For those covered in less thorough detail or not at all, it’s high time those sectors receive their due.
In agriculture, for instance, there are pollution-producing farm- or ranch-related activities.
Operation of on-farm equipment is but one, especially equipment like tractors, harvesters, etc. that rely on the use of fossil fuels. The same would be true regarding energy production, construction/demolition, industrial operations, etc.
For agriculture, replacing diesel pumps with electric pumps is far and away the most effective method of reducing on-farm emissions where pump use is concerned.
No connection to the electric grid? No problem.
Solar panel or wind-turbine (where applicable) installations can suffice quite nicely. Automatic farming equipment and implements that are able to burn fuel more cleanly and efficiently to cut down on harmful emissions is also quite helpful. And finding ways to prevent the kicking up of dust can go a long way toward helping improve air quality. Earth-friendly farm-byproduct disposal methods like in chipping or shredding capability instead of burning it in open-fields – prohibited in California – or in methane recovery and corresponding animal waste disposal (again, where applicable), all helps.
In commercial operations, any time driving in connection with respective operations can be reduced, corresponding air pollution coming from such can also be lowered. Barring this, by business embracing more sustainable forms of transportation such as electric/gas hybrid or clean-fuel or emissions-free vehicles, is a big plus. The same could be said for the construction and demolition trades.
For restaurants that rely on wood-burning open-pit grills with which to prepare food, if instead of burning wood for cooking, utilizing natural gas or electricity to do the same also helps cut emissions.
And last, but by no means least, is the pollution contribution coming from the residential sector. Even though discussed to some extent in: “Want a smaller carbon footprint? Think ‘inside’ the box,” more on the matter can be mentioned still.
Probably the biggest contributor to home-produced air pollution is outdoor pit and/or indoor fireplace use. Making such much more efficient when it comes to combustion of corresponding fuel sources can go far and do much to reduce negative environmental impact.

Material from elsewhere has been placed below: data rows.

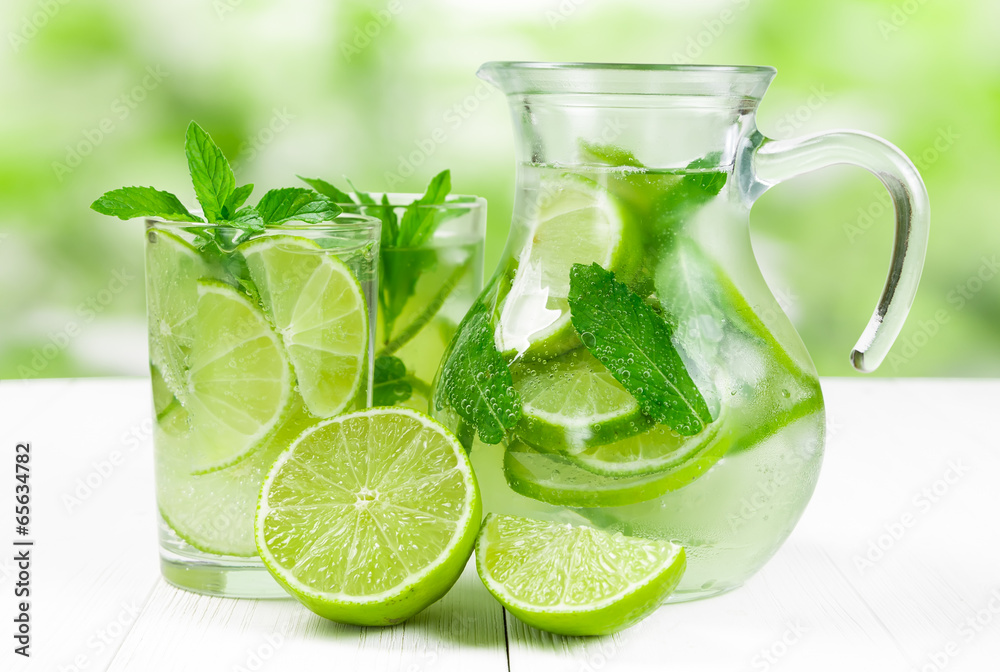 Juice with lime and mint - obrazy, fototapety, plakaty 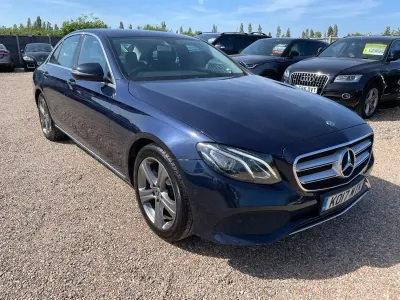 Used Mercedes E220 SE 2017 Blue Sedan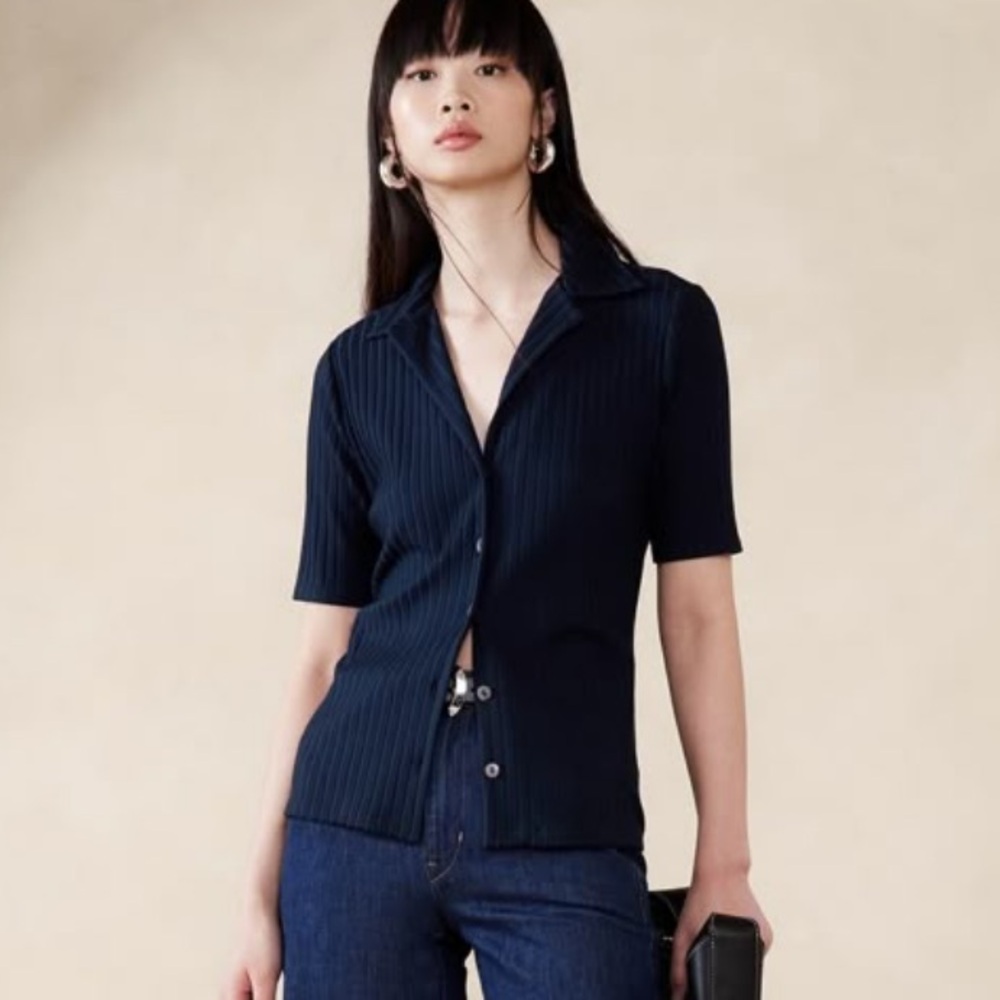 Banana Republic wide-ribbed short sleeve button down in color Navy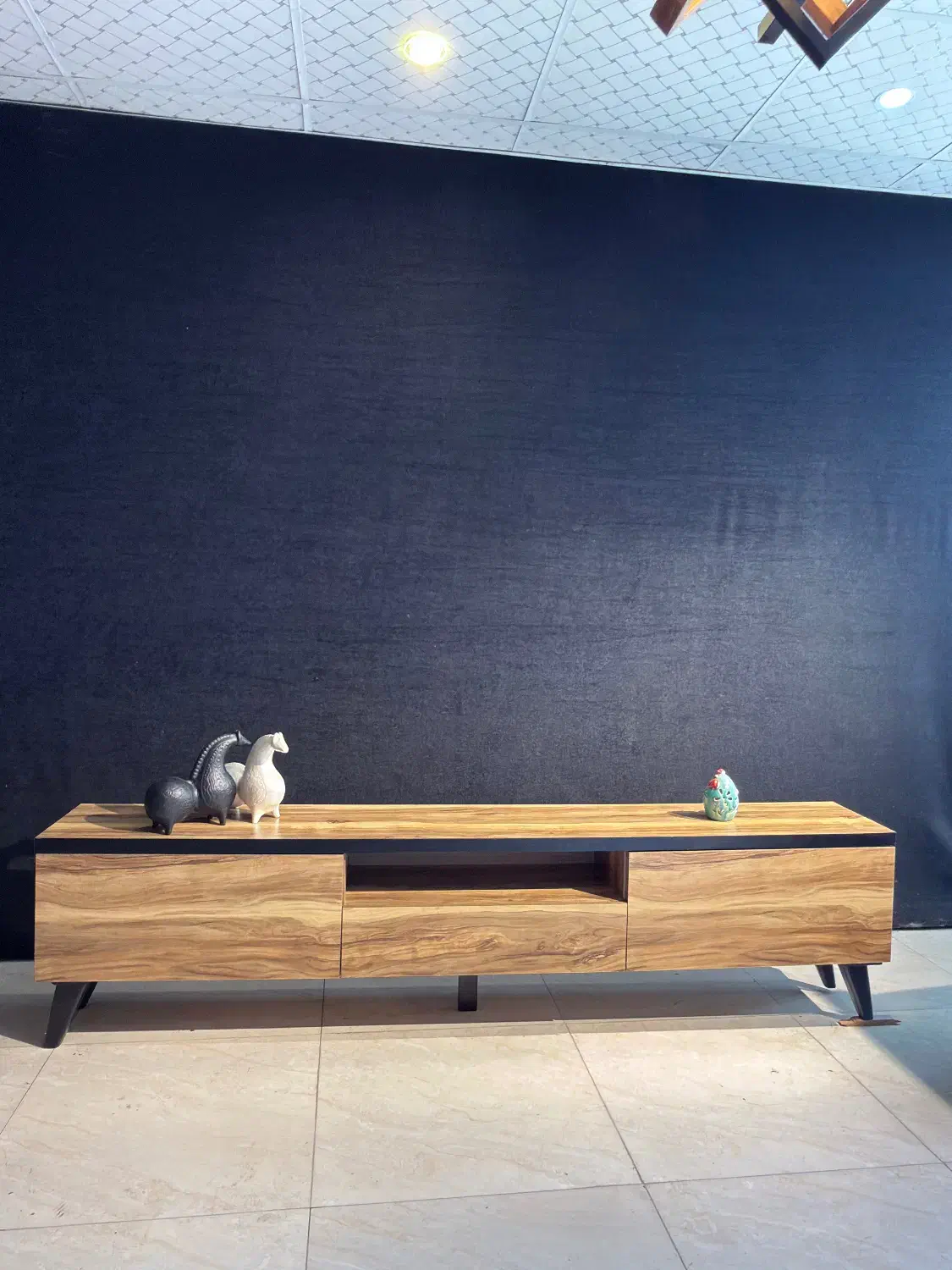 میز تلویزیون پایه دار طرح شاهین|میز تلویزیون|پیربازار, |دیوار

Use of solvents and cleaners in the home that either do not add or contribute minimally to air pollution can be chosen over such that are more environmentally harmful. Also residential upgrading techniques as in improving home insulation or employing ways to cut energy losses can be of tremendous environmental benefit. And when it comes to making choices in terms of meeting individual transportation needs opting for sustainable solutions such as in riding a bike, walking or taking public transportation where possible or in choosing where one lives, can provide enormous gains in terms of having a positive environmental impact.
There are, doubtless, more ways to remove contaminants from the air than what was covered here. But this “contaminated-air-remediation strategies” discussion should be of benefit even if all it does is prompt readers to be more mindful of pollution’s contributory causes and mitigation-wise, to be apprised of what’s available to enable one to reduce one’s individual contribution to pollution.